━━ Extracted entries

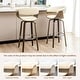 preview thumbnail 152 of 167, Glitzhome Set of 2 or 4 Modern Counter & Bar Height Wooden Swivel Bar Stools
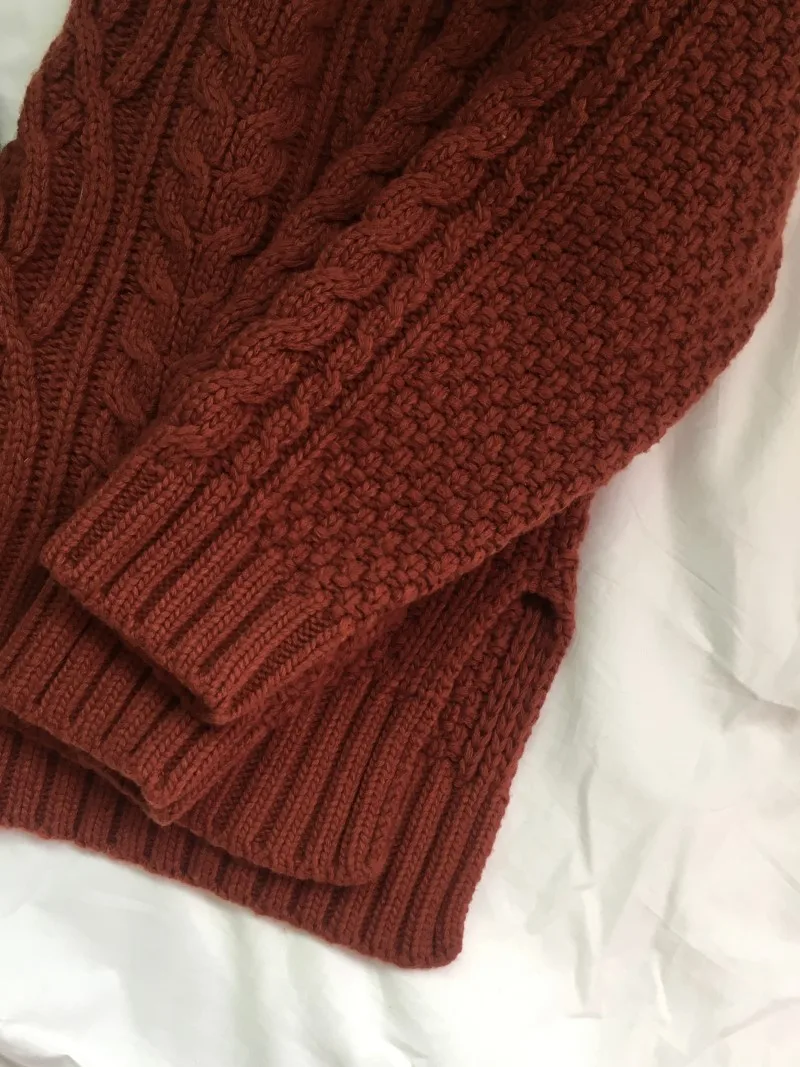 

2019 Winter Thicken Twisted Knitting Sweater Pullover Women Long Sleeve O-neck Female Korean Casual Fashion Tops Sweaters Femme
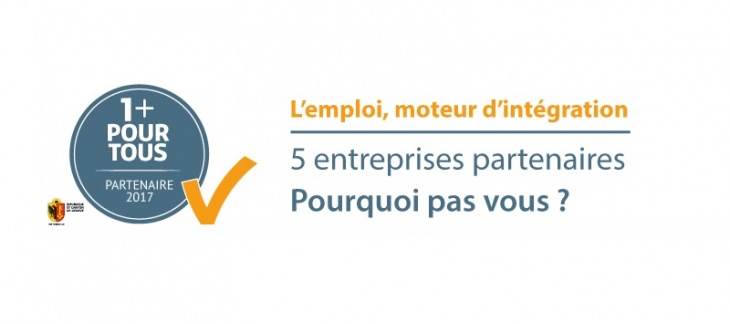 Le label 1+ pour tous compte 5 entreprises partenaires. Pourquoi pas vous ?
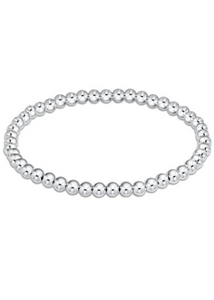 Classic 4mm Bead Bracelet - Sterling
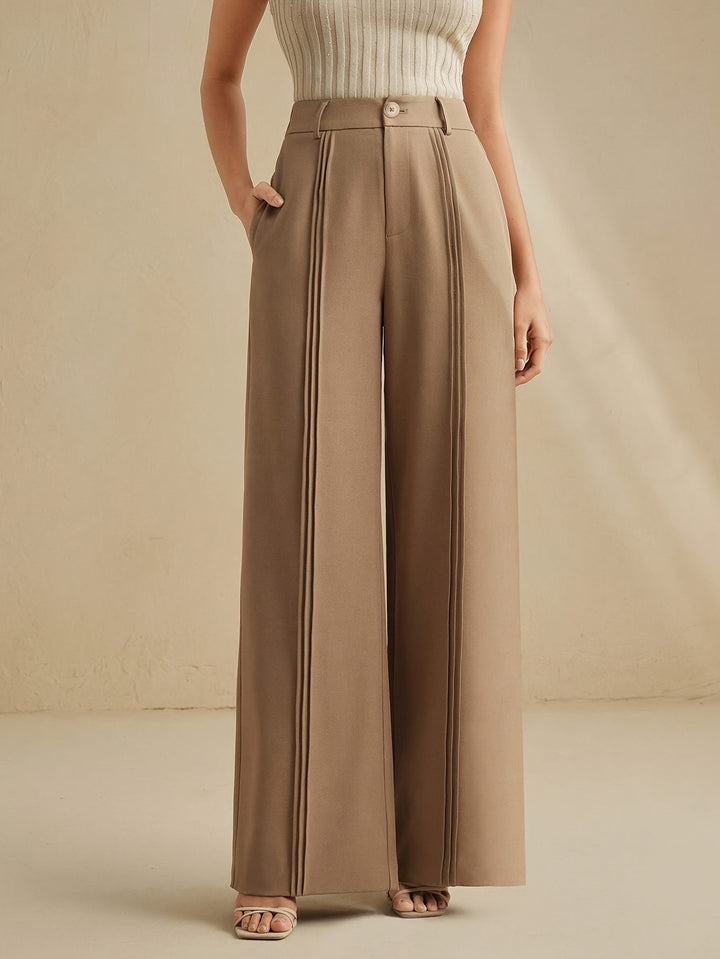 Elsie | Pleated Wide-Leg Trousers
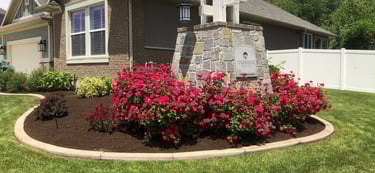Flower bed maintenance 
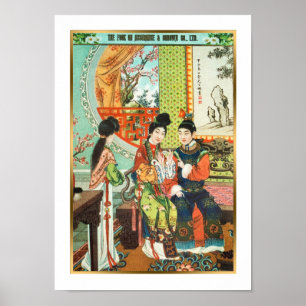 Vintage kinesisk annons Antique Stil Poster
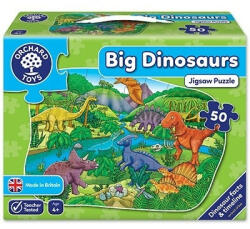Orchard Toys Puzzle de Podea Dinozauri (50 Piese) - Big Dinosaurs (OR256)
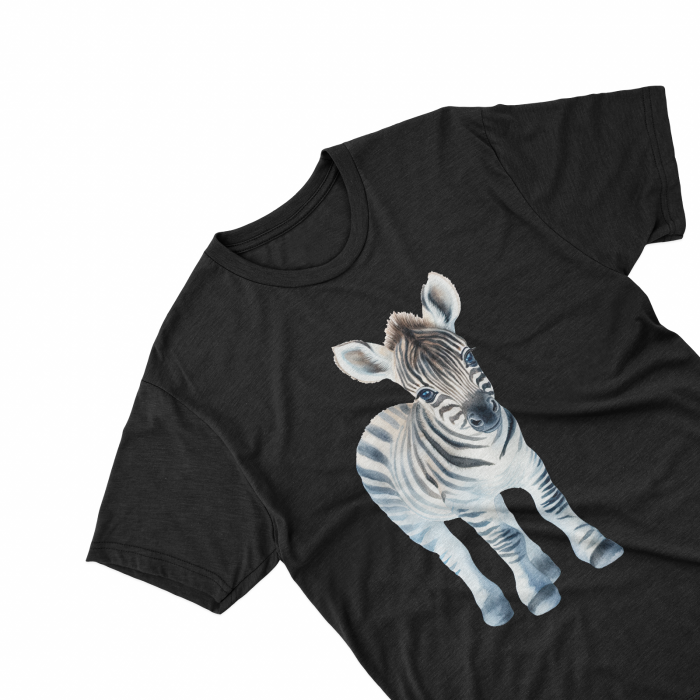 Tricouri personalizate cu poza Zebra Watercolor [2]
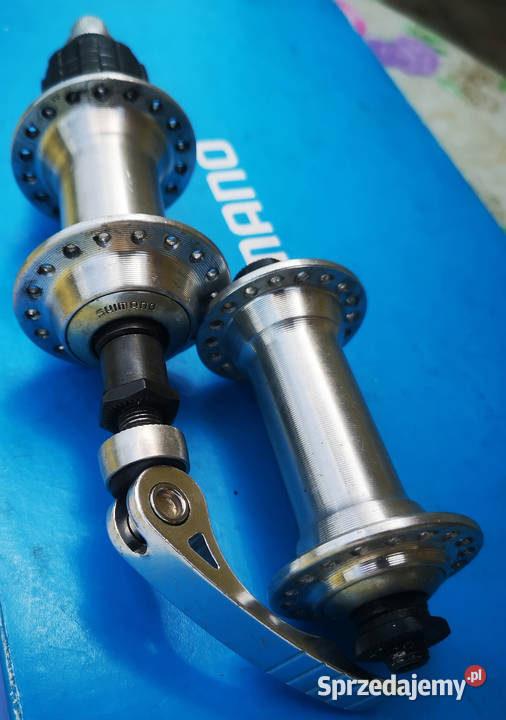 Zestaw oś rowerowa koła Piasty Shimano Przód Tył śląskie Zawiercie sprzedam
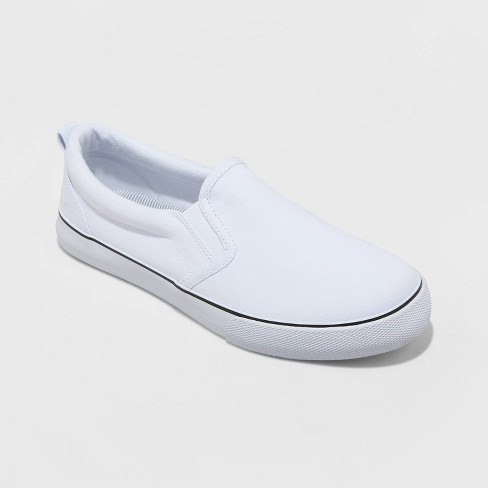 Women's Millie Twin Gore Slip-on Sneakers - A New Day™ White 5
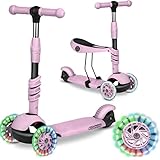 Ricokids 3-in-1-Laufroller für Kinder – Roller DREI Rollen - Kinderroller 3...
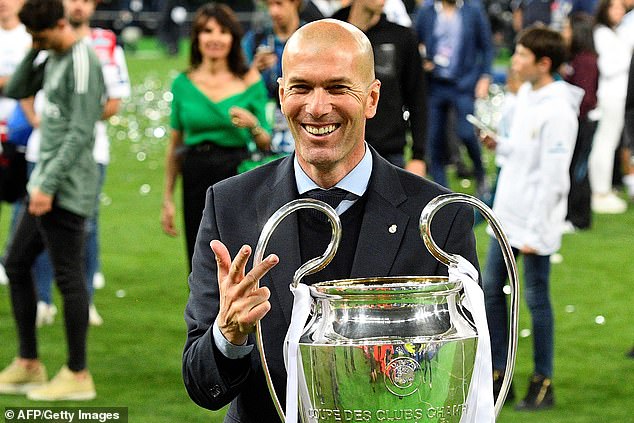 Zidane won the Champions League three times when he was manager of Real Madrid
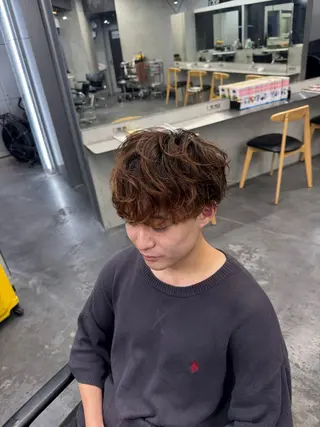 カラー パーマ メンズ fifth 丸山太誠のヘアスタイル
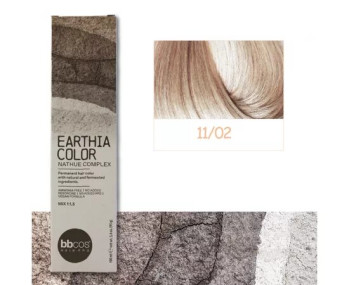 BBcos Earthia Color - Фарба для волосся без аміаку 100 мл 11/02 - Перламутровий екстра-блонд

━━━━

Hand back all the entries exactly, leaving out the pictures.

 preview thumbnail 152 of 167, Glitzhome Set of 2 or 4 Modern Counter & Bar Height Wooden Swivel Bar Stools

2019 Winter Thicken Twisted Knitting Sweater Pullover Women Long Sleeve O-neck Female Korean Casual Fashion Tops Sweaters Femme
 Le label 1+ pour tous compte 5 entreprises partenaires. Pourquoi pas vous ?
 Classic 4mm Bead Bracelet - Sterling
 Elsie | Pleated Wide-Leg Trousers
Flower bed maintenance 
 Vintage kinesisk annons Antique Stil Poster
Orchard Toys Puzzle de Podea Dinozauri (50 Piese) - Big Dinosaurs (OR256)
 Tricouri personalizate cu poza Zebra Watercolor [2]
 Zestaw oś rowerowa koła Piasty Shimano Przód Tył śląskie Zawiercie sprzedam
 Women's Millie Twin Gore Slip-on Sneakers - A New Day™ White 5
 Ricokids 3-in-1-Laufroller für Kinder – Roller DREI Rollen - Kinderroller 3...
 Zidane won the Champions League three times when he was manager of Real Madrid
 カラー パーマ メンズ fifth 丸山太誠のヘアスタイル
 BBcos Earthia Color - Фарба для волосся без аміаку 100 мл 11/02 - Перламутровий екстра-блонд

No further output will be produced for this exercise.